The Chancellor, Alistair Darling, recently announced the Government's intention to nationalise the bank, after he ruled out two rescue bids from Virgin Money and Northern Rock's existing management team saying that they posed too great a risk, with too small a reward for taxpayers.
We look at why this has happened and ask what it means for consumers.
Why did Northern Rock find itself in such financial difficulty?
Banks and building societies use various methods to raise funds for mortgages. These include using the money held in deposit accounts, borrowing from the wholesale markets, where banks lend to each other, and selling existing mortgage debts on to other institutions to raise funds for new home loans - this is a process known as securitisation.
Northern Rock relied more heavily on securitisation and buying funds from the wholesale markets, than most of its UK counterparts but this strategy ran into trouble last summer.
Steep interest rate increases in the United States led to a huge increase in the number of homeowners unable to meet their mortgage payments. Worst affected were sub-prime borrowers - those on low incomes with poor credit histories.
However, the ramifications of the American mortgage problem spread worldwide and sparked the global credit crisis. This was because most of the debts had been re-packaged and sold on to other banks and financial institutions. As a result the wholesale market virtually dried up - institutions were nervous about lending to one another because they didn't know which firms had been directly affected by the US sub-prime crisis.
Demand for mortgage-backed securities also pretty much evaporated because of worries that other borrowers, and not just those in the US, would slip into arrears.
This hit Northern Rock badly and it was forced to borrow money from the Bank of England in order to meet its mortgage commitments. In turn many existing customers lost confidence, and in September we saw the first run on a British bank for more than a century as thousands of savers sought to withdraw their funds.
Since then the Government, and taxpayers, have effectively been propping the bank up - Northern Rock has borrowed around £30billion from the Bank of England and in order to stem the outflows from savers, the Government guaranteed that all of their savings would be protected in the event of the bank going bust. With every other bank or building society, only the first £35,000 of your savings is guaranteed.
It was hoped that another private company would buy Northern Rock, but with so much public money at stake if any rescue plan failed, the government decided that nationalising the bank was a better option.
What does nationalisation mean?
Nationalisation is when the Government takes a privately-owned business under state control. The Chancellor has said this is only a temporary measure, and that Northern Rock will be re-privatised when it has recovered from its problems. However, analysts warn that could be years rather than months.
How does this affect mortgage customers?
As far as the day-to-day running of the bank goes, it is business as usual so you if you have a mortgage with Northern Rock you will just continue making your monthly payments.
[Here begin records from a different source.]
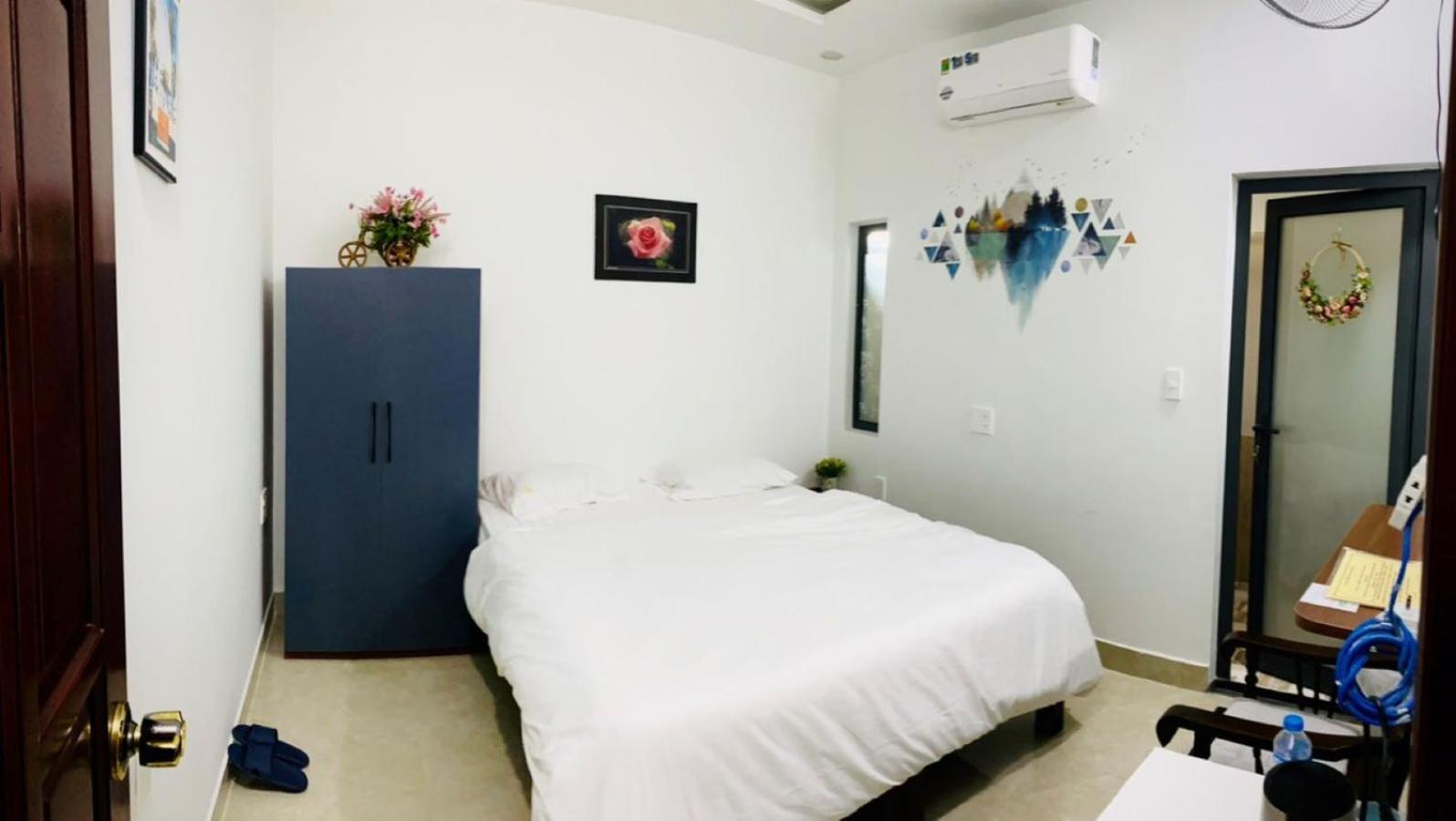 La Gai Homestay ホイアン エクステリア 写真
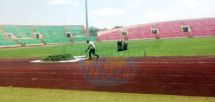 Cameroun-Comores: Garoua attend les Lions
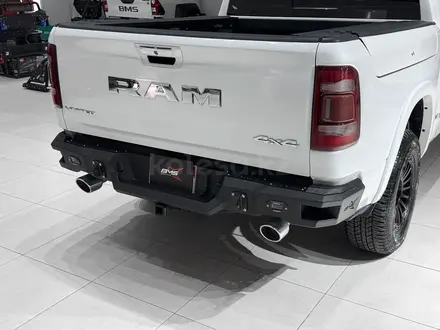 Бампер силовой задний BMS PRO-Line для Додж Рам 1500 2019-2024 за 692 300 тг. в Алматы – фото 31
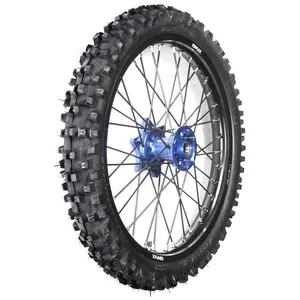 Deli Tire Pneu Avant Tout-terrain Sb-114 Terra Cross 33j Tt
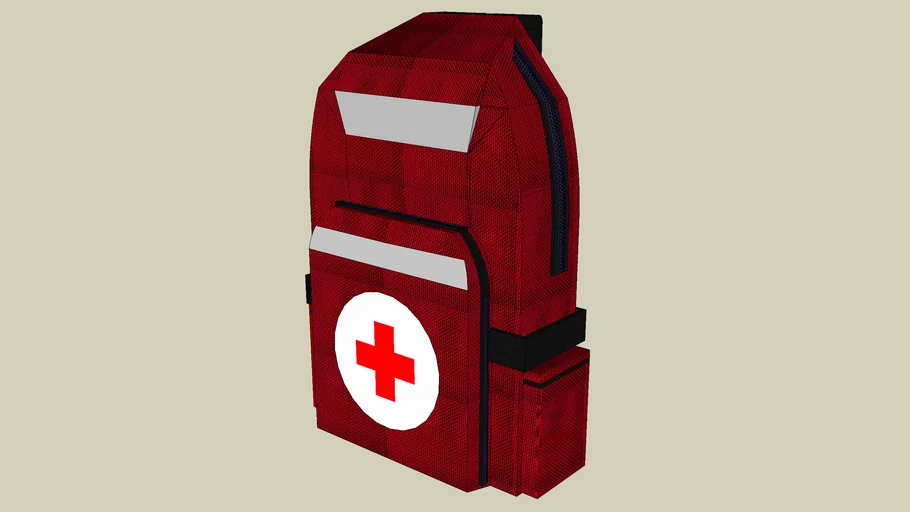 Backpack Boot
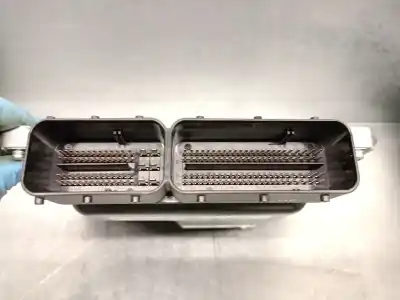 Автозапчасти б/у блок управления двигателем за mazda 6 hatchback (gh) 2.2 mzr-cd (gh10) ссылки oem iam r2aa18881m 2758009149 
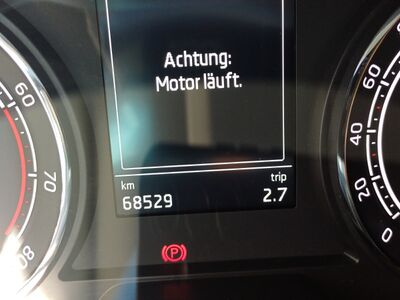 Skoda Kamiq Gebrauchtwagen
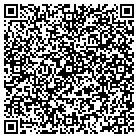 QR code with A Plus Storage & Laundry contacts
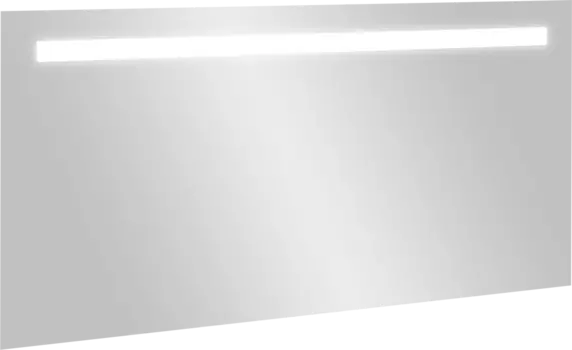 Зеркало Jacob Delafon EB1419-NF 130, с подсветкой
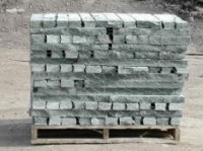 Our Bluestone Inventory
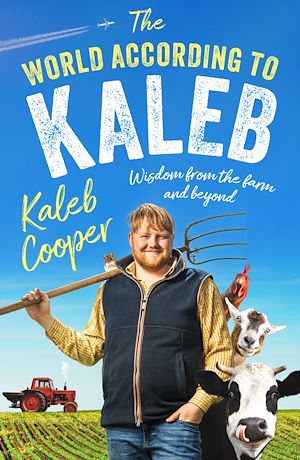 Téléchargez le livre :  The World According to Kaleb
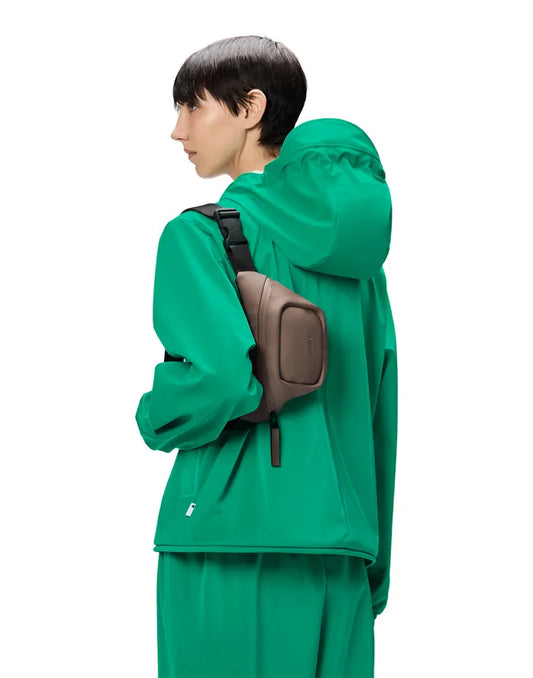 RAINS 14820 Bum Bag Micro W3 Shade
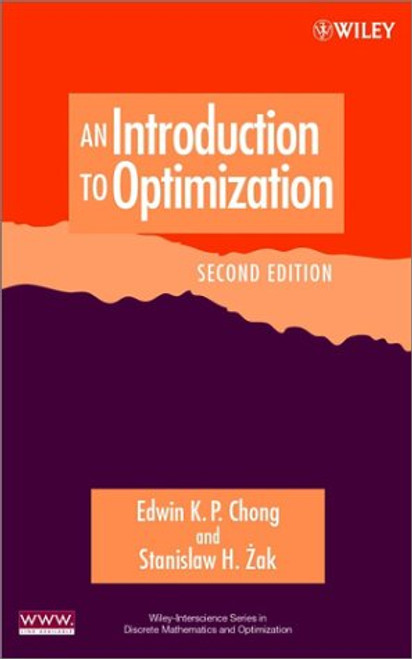 Introduction to Optimization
However, it is unclear how competitively priced its products will be for new borrowers and those coming to the end of their current deals. Because of its funding problems Northern Rock has effectively priced itself out of the market in recent months - its doors are officially still open to new customers but it has increased its mortgage rates so that they are no longer competitive.
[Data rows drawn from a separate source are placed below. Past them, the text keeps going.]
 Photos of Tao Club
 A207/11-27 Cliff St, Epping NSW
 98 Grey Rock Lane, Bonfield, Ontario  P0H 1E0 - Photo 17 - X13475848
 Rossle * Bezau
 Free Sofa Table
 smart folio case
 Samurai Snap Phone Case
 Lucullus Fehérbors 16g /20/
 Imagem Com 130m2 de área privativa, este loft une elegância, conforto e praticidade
It may seek to improve its competitiveness once it is fully nationalised in order to try and rebuild its position in the market. However, EU rules on state-aid may restrict the bank's ability to offer the best rates as the Government funds cannot be used to pull in business by offering knock-down rates.
Certainly for the time being at least, anyone coming to the end of a mortgage deal with Northern Rock should look to switch to a different lender.
What about savers?
Northern Rock is the safest bank to have any savings with at the moment because your money is fully guaranteed. Under the Financial Services Compensation Scheme (FSCS), only the first £35,000 held with a bank or building society is protected in the event of it going bust, but the Government is guaranteeing all funds held with Northern Rock to deter savers from moving it elsewhere and making the bank's problems worse.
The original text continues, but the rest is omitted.